A week and a day later, strange out-of-state cars surround their house. I take their boy to baseball, knowing, knowing, I missed my chance to see her. I invite him to dinner because I know without knowing, there's no dinner being prepared at home. I leave sunflower seeds and a note at the door for his little brother, whose birthday I missed while ill.

The next day, more cars, no people around. I hold my breath, but don't know what to ask or to say, and there's no one to ask, anyway. And on Tuesday, he shows up at the door, asking for my son to spend time with his son. I call down to him from the window, how are you?

Because, now I really do know. I can't bring myself to say it and I feel like such an idiot, so useless and unable to fix anything. He says, "28 years, Mary, and now she's gone." 

And there it was. With me offering stumbling words through the window. Through the fricking window. I'd had a headache, I wasn't thinking, and thought I was prepared? But you're never prepared.

My note was, let's be honest, a tentative goodbye, but I wanted to offer her a real one. Not mushy stupid embarrassing words. Just a frank I love you, you are so cool, thanks for being my friend. 

She was anybody's friend who needed her, but we were friends in our own little way, separate from all her heroism and dedication and basic awesomeness. We just, you know, liked each other. 

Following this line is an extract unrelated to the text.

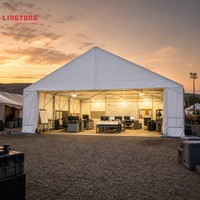 Tenda Modulare Temporanea per Soccorso in Caso di Calamità e Applicazioni nei Punti di Comando di Emergenza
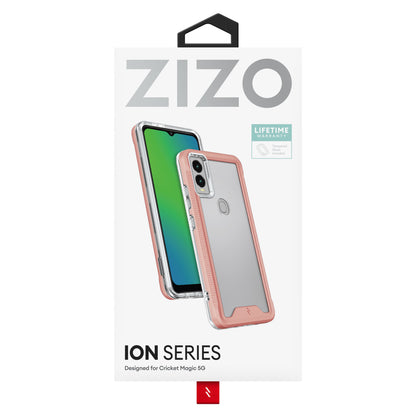 ZIZO ION Series Cricket Magic 5G Case - Rose Gold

We had not nearly enough time together. Took over a year for each of us to realize the other liked when we hung out. After that, a few great months of some very lovely hits and way too many misses. A couple fun trips to buy plants, and then more hit and miss. Digging and planting and joy, followed by two months of drought. Short reprieve, but then all autumn and winter she tortured herself with more and more chemo and "experimental treatment" until she was wrecked from the inside out. And all that time I couldn't visit. I was afraid of killing her. 

Three years she went through that, to keep herself going, for her sons and her husband, and all those hurting wounded people who depended on her to make it better or tell them how to make it better. 

She knew I needed nothing from her. I like that. I think she wasn't used to it, though. That was okay. 

I brought over a huge pan of lasagna, and pies, and walnut bread. What do I do to help, other than offer food? It is in my blood, the blood of my progenitors. When someone dies, you make lasagna. This weekend I'll make some pizza for the little family left behind after formal mourning and all the food laid out on a table, and the slideshow looping on the laptop, and the house full of in-laws, now more empty than it should be, just a man and his sons. 

In a couple weeks I'll start finishing her garden. I started it last year and it should have been a three year project but instead I have about three months. She won't be there watching me work, though some people might say she is, anyway. That's not how I look at things. But it's still hers, and for her I will do what I can for it, though she will not be sitting on the deck above me as I work, getting up more often than energy allows, because her mind just never let her body quit, until it simply couldn't go on. When we say goodbye to the rest of her family later this summer, I want them to know that I loved her, just because she was cool, just because she chose me to be her friend. 

Probably, though, I'll never forget giving up the opportunity to tell her that first hand.